Synergy causes placental function abnormal.Wherein, it is immunized and genetics factor increasingly attracts people's attention.Research confirmation,
The formation of Maternal-placental immune toler ance plays an important role to the maintenance of normal pregnancy, once Mechanism of immunotolerance is unbalance, will lead to pathology
Property gestation such as miscarries, preeclampsia generation, wherein CD4+CD25+Foxp3+Regulatory T cells are in parent to the resistance to recipient of fetus
Face plays an important role.
Plug shape helix transcription factor 3 (forkhead box protein 3, Foxp3) can specifically expressing in thymus gland and outer
Natural CD4 in all lymphoid tissues+CD25+It is CD4 on Treg cell subsets+CD25+Weight in Treg cell development regulatory mechanisms
It switchs.Foxp3 gene pleiomorphisms can lead to CD4+CD25+Treg functions change, and with various autoimmune disease, inflammation
And the occurrence and development of tumour are related, and in the generation of preeclampsia, Foxp3 gene pleiomorphisms influence Maternal-fetal immunity function and mother
Body placental immunity microenvironment, therefore by the detection to Foxp3 gene pleiomorphisms, can accurately judge measured's eclampsia
The neurological susceptibility of early period can be reduced farthest convenient for making anticipation to disease susceptibility before early pregnancy or unpregnancy
The generation of the disorderly syndrome of third trimester of pregnancy.
Invention content
In view of the above-mentioned problems existing in the prior art, the purpose of the present invention is obtain a kind of diagnosis examination of pregnant woman's preeclampsia
Agent box and diagnostic method.
One of for achieving the above object, the diagnostic kit technical solution for pregnant woman's preeclampsia that the present invention uses is such as
Under:
The kit detects Foxp3 gene polymorphism sites, including Foxp3-6054 amplifications group and Foxp3-3279 expand
Increasing group, wherein Foxp3-6054 amplifications group include amplification such as sequence table SEQ ID NO:Foxp3-6054's segments shown in 1 is special
Property primer, Foxp3-3279 amplification groups include amplification such as sequence table SEQ ID NO:The specificity of Foxp3-3279 segments shown in 2
Primer.
Foxp3 genes have been found preeclampsia have close association with pregnant woman, according to the important position of gene to mankind Foxp3
Point is designed, and expands the template sequence of Foxp3-6054 in such as sequence table SEQ ID NO:In range shown in 1, amplification
The template sequence of Foxp3-3279 is in such as sequence table SEQ ID NO:In range shown in 2.Specific amplification Foxp3-6054 is
The gene order of upstream and downstream primer such as sequence table SEQ ID NO:3 and sequence table SEQ ID NO:Shown in 4, upstream (forward direction) primer
Such as sequence table SEQ ID NO:Shown in 3, downstream (reversed) primer such as sequence table SEQ ID NO:Shown in 4.Specific amplification
Foxp3-3279 is the gene order such as sequence table SEQ ID NO of upstream and downstream primer:5 and sequence table SEQ ID NO:Shown in 6, on
Swim (forward direction) primer such as sequence table SEQ ID NO:Shown in 5, downstream (reversed) primer such as sequence table SEQ ID NO:Shown in 6.

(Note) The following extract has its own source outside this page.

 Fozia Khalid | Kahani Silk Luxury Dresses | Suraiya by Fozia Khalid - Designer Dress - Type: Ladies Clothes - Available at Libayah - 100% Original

Diagnostic kit in the present invention is carried out for the important cooperative site of pregnant woman's preeclampsia while augmentation detection, and two
The sequencing result in a site is jointly formed testing result, for previous single-gene amplification, for clinical medicine
Use value bigger, and it is more accurate.
Amplification is carried out at the same time to two sections of target gene in same system, not only more efficiently and accurately, and greatly reduced
The use of amplifing reagent, the volume for reducing amplification system while efficient amplification, meet the needs of green saving, reduce
Amplification cost provides new approaches for gene sequencing widely available.

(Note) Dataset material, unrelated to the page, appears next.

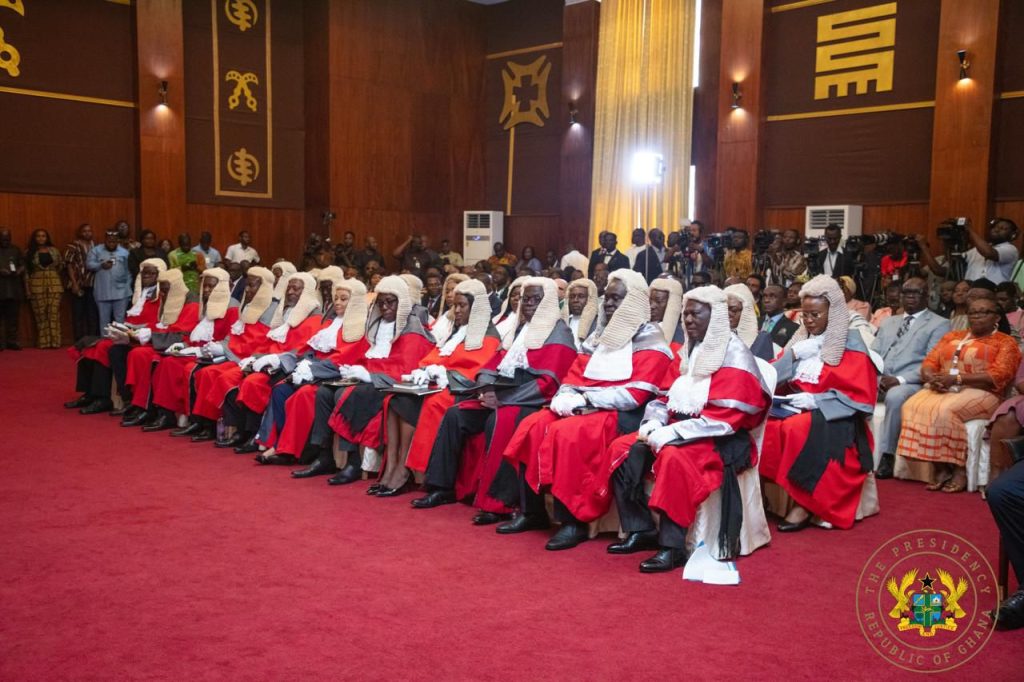 President Mahama swears in 21 New Court of Appeal justices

Preferably, template DNA to be amplified is the people's whole blood template DNA for extracting from human blood sample sheet.

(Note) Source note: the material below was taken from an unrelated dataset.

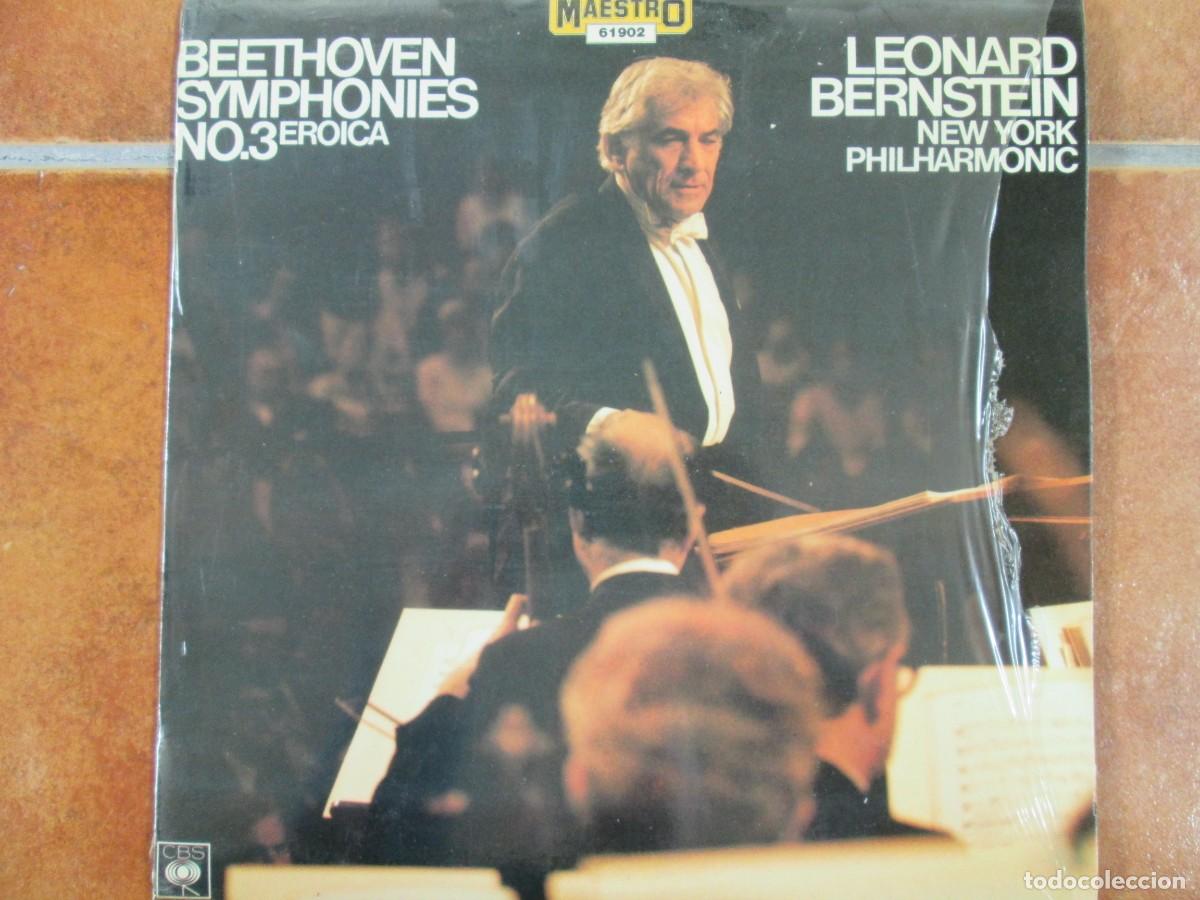 Discos de vinilo: BEETHOVEN / BERNSTEIN - Symphonies N&ordm;3 Eroica. LP, Re-Ed espa&ntilde;ola 12&rdquo; 1978. Impecable (NM)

According to existing sample process mode, human blood sample sheet or buccal swab are in the majority, both generally uses protease
The mode of digestion carries out DNA extractions, and the DNA sample after extraction is widely used.After this kit is generally adopted by digestion extraction
DNA profiling, it is more demanding due to amplification condition, it is not recommended that directly to be expanded using commercially available whole blood sample amplification buffer
Increase.The method or equipment for extracting DNA profiling can refer to the prior art, not be limited herein.
Preferably, Foxp3-6054 amplifications group and Foxp3-3279 amplifications group include specific primer, archaeal dna polymerase,
DNTPs and amplification buffer.
Further include DMSO and bovine serum albumin (BSA) in order to ensure the expanding effect of kit, in amplification kit, uses
When need to provide sterilizing ultra-pure water for oneself.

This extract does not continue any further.